É este o retrato deste inquietante poema.
Daniel
Antes de mais, gostava de saudar o "Sarilhos" por esta sua estreia, bem como o Daniel de Sousa, ao vê-lo já no rol dos colaboradores! - da minha parte, Bem-vindos!
Quanto ao poema é, de facto, sombrio e feito de contrastes. Principia bucólico, adquire deppois uma toada de António Nobre (na parte "Entoai-me uma canção que me faça chorar", lembra aquele: "Oh virgens que passais ao sol Poente,/ pelas estradas ermas a cantar /entoai-me uma canção ardente / que me transporte ao meu perdido lar" - cito de memória, mas acho que é isto) e termina num quási pitctórico grito de Munch, carregado de nihilismo. Que tivesse sido escrito em Torre de Moncorvo imediatamente a seguir à II Grande Guerra é sintomático e revela que, até certo ponto, chegavam cá os ecos, senão de uma mudança, pelo menos de um estado de espírito. Mas é preciso atentar que o ignoto autor não escreve terra com maiúscula, pelo que se poderá estar antes a referir a uma realidade mais comezinha e local... "Mutatis mutandis..."
Obrigado, Sarilhos.
n.
Reparei na data , sim . Sem dúvida, o poema é inquietante ! É um poema com tempo e lugar.

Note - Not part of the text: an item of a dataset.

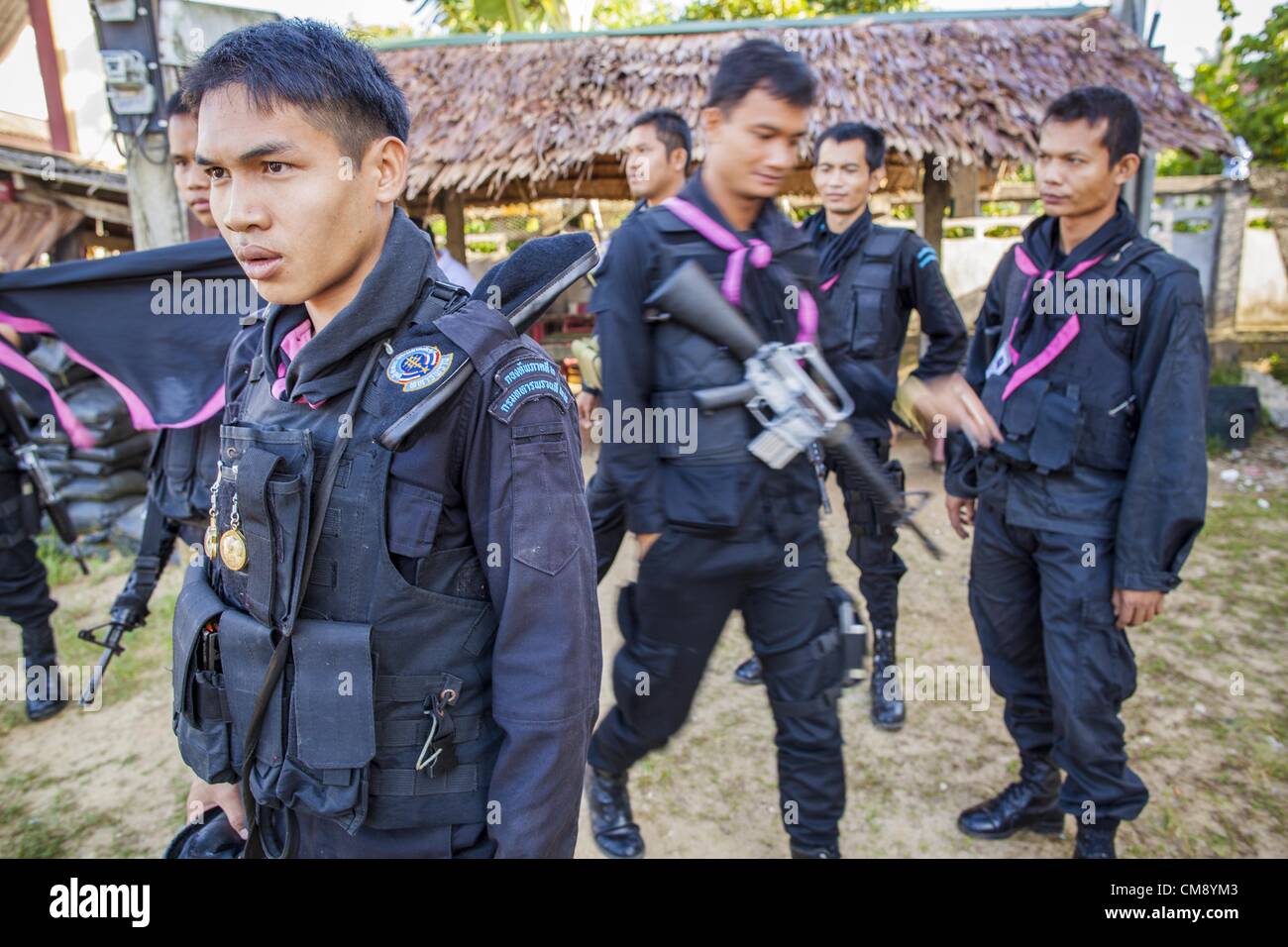 31. Oktober 2012 - Yarang, Pattani, Thailand - thailändische Soldaten darauf vorbereiten, die Dorfbewohner von Wat Kohwai in einer Prozession zum Yala für Ok Phansa begleiten. OK Phansa markiert das Ende der buddhistischen "Verliehen" und fällt auf den Vollmond des elften Mondmonats (Oktober). Es ist ein Tag der fröhlichen Feier und Verdienst-Herstellung. Für die Mitglieder des Wat Kohwai, in Yarang Bezirk von Pattani war es ein noch spezieller, denn es war das erste Mal in acht Jahren, die sie Ok Phansa feiern konnten. Die buddhistische Gemeinschaft ist umgeben von muslimischen Dörfern und es wurde zu gefährlich, die ausgelassene Feier zu halten Stockfoto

E, demasiado bem, eu conheci esse mundo: tantas vezes, demasiadas vezes, estive - criança de 6 ou 7 anos - horas, demasiadas horas, em pé, na bicha do pão para, com a senha de racionamento, obter 250 gramas de pão para 3 pessoas.. Pão mal cozido, para pesar mais.
Para os mais pobres a penúria era total, ainda que no mercado negro nada faltasse...
E continuamos num mundo de tremendas contradições e desigualdades.
Desejo para os meus filhos e netos e para todas as crianças e jovens um mundo melhor.